April 10, 2013
Ghostly Glow Of Planetary Nebula IC 1295
[ Watch the Video: Zooming In On The Planetary Nebula IC 1295 ]
Lee Rannals for redOrbit.com - Your Universe Online
A new image released by the European Space Observatory (ESO) shows the glowing green planetary nebula IC 1295.
"It has the unusual feature of being surrounded by multiple shells that make it resemble a micro-organism seen under a microscope, with many layers corresponding to the membranes of a cell," according to an ESO statement.
The glowing green bubble seen in the image is made out of gas that used to be the star's atmosphere. The gas has been expelled by unstable fusion reactions in the star's core that generated sudden releases of energy. It contains ultraviolet radiation, which gives it its glow.

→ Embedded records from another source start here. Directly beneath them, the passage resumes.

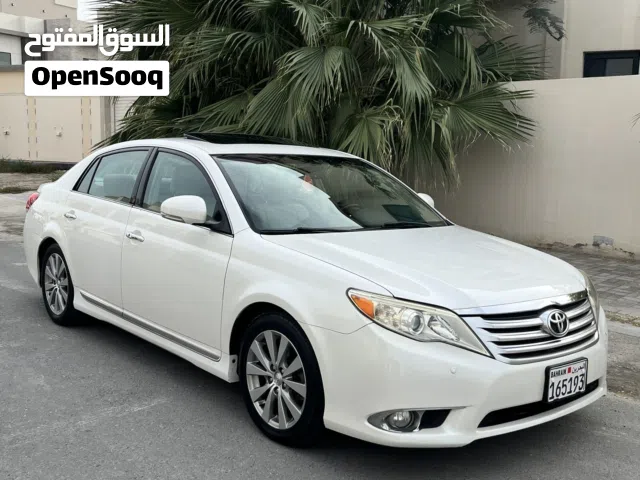 2011 Toyota Avalon Limited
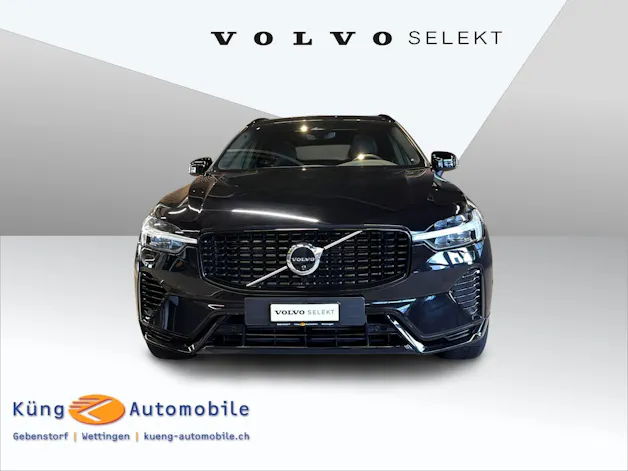 Volvo XC60 T8 eAWD PluginHybrid Plus Dark Geartronic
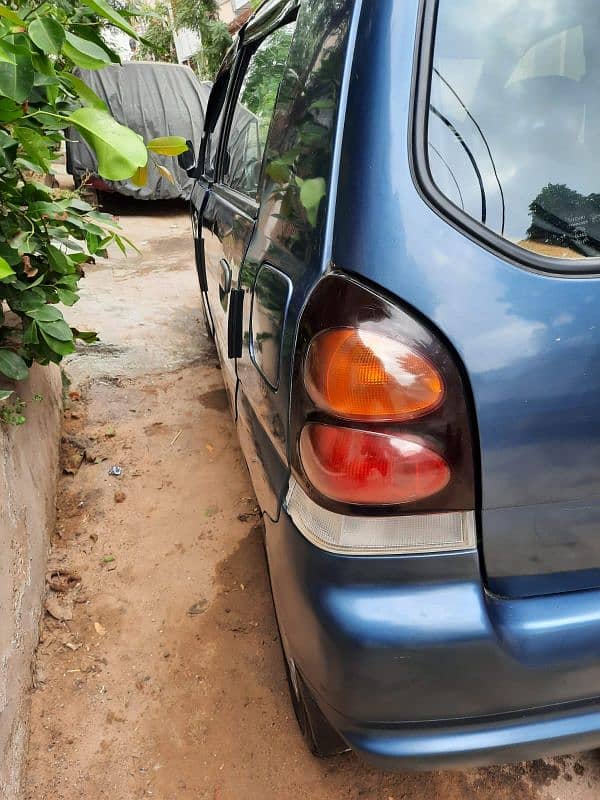 Suzuki Alto 2007 3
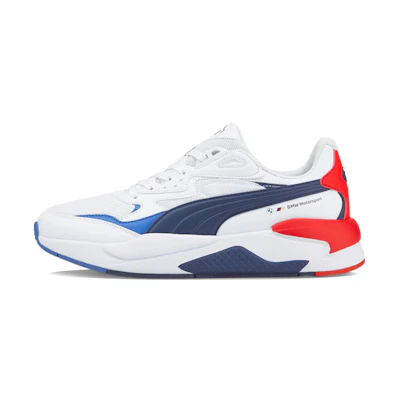 Puma BMW M Motorsport X-Ray Speed 'White Blue Red'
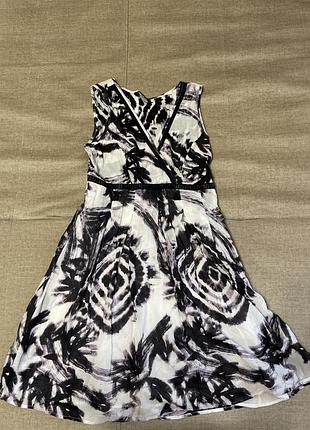 Сарафан рябий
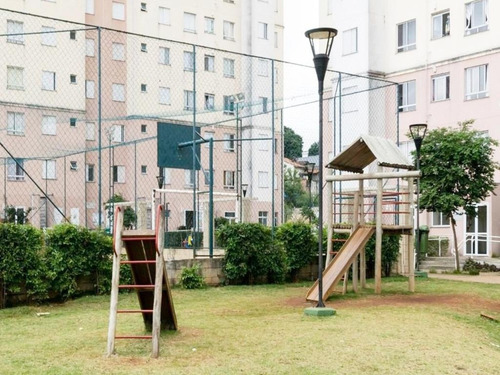 Imagem 2 de 14 de Apartamento Único 45m 2dorms 1vaga Planejados 260 Mil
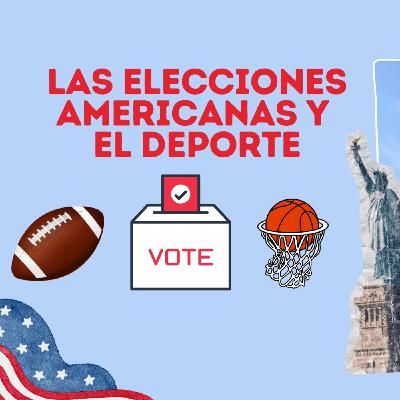 ¡Elecciones USA!   ¿Cómo afecta al deporte?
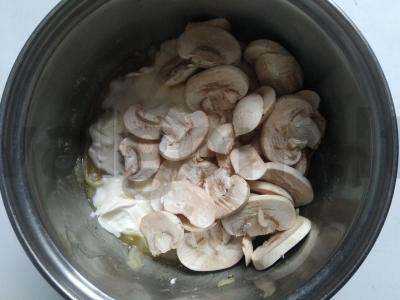 Švelni veršienos frikase Žingsnis 2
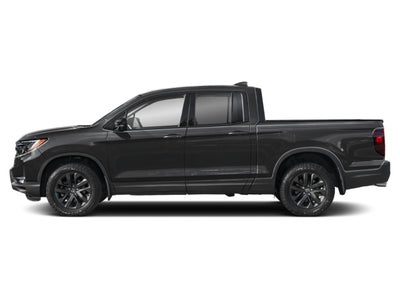 2026 Honda Ridgeline Sport AWD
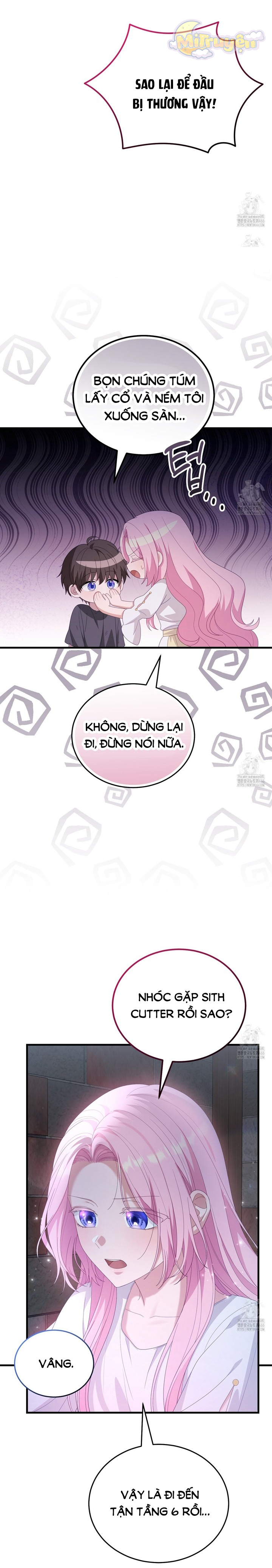 Nàng Tiên, Hãy Ký Hợp Đồng Nào Chapter 46 - Trang 2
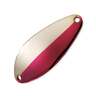 Acme Little Cleo Casting Spoon - Gold/Neon Red, 1/4oz - Gold/Neon Red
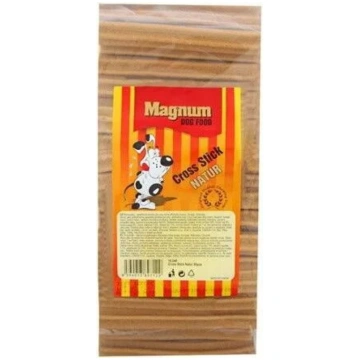 Zobu kociņi MAGNUM 50 gab. — siera garšas, zvaigžņ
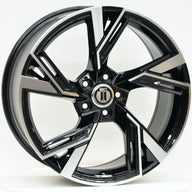 AG l MAGNUS BLACK MACHINED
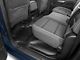 Husky Liners WeatherBeater Second Seat Floor Liner; Full Coverage; Black (14-18 Silverado 1500 Double Cab, Crew Cab)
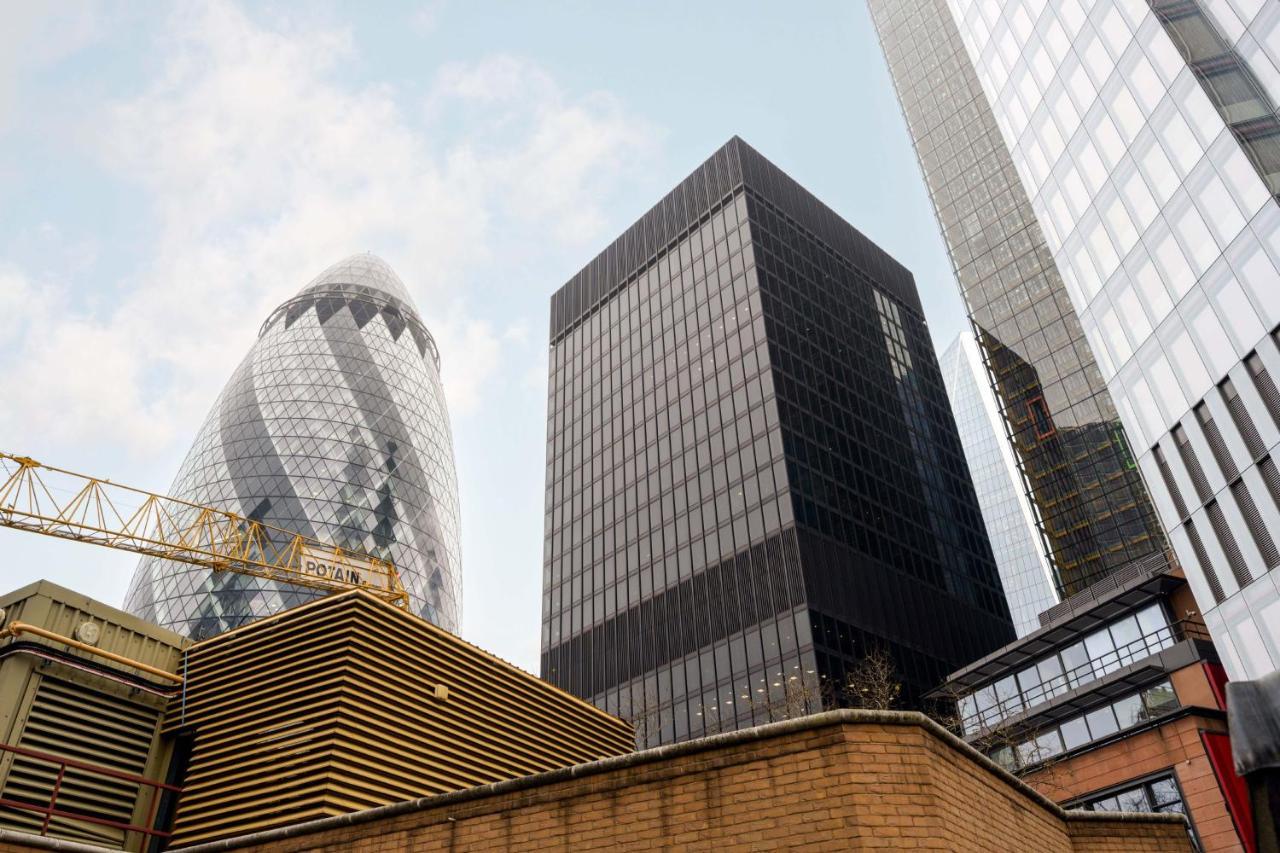Apartment 5, 48 Bishopsgate By City Living London Eksteriør bilde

In the center of the image, you can see the burned-out remnant of the star's core as a bright blue-white spot at the heart of the nebula. The central star will become a very faint white dwarf and slowly cool down over many billions of years.
Stars that have masses like the Sun and up to eight times that of the Sun will form planetary nebulae as they enter the final phase of their existence.
The name 'planetary nebula' has nothing to do with planets. It is actually a descriptive term applied to some early discoveries because of the visual similarity of these objects to the outer planets Uranus and Neptune. Early astronomers using older telescopes saw these far away planets as glowing gas.
ESO released another beautiful image of the bright star cluster NGC 6520 back in February. The image shows NGC 6520 alongside a strange dark cloud known as Barnard 86. These two objects sit inside millions of glowing stars in the brightest part of the Milky Way galaxy. Barnard 86 is a dark nebula known as a Bok globule. Although in the image it appears as if it was a break in the stars, the nebula is actually made up of small dust grains that block out starlight. Astronomers believe this nebula formed from the remnants of a molecular cloud that collapsed to form the nearby star cluster NGC 6520.
ESO's VLT is the world's most advanced visible-light astronomical observatory. The space observatory continues to provide scientists with unique views of the universe that exists beyond what conventional backyard telescopes pick up.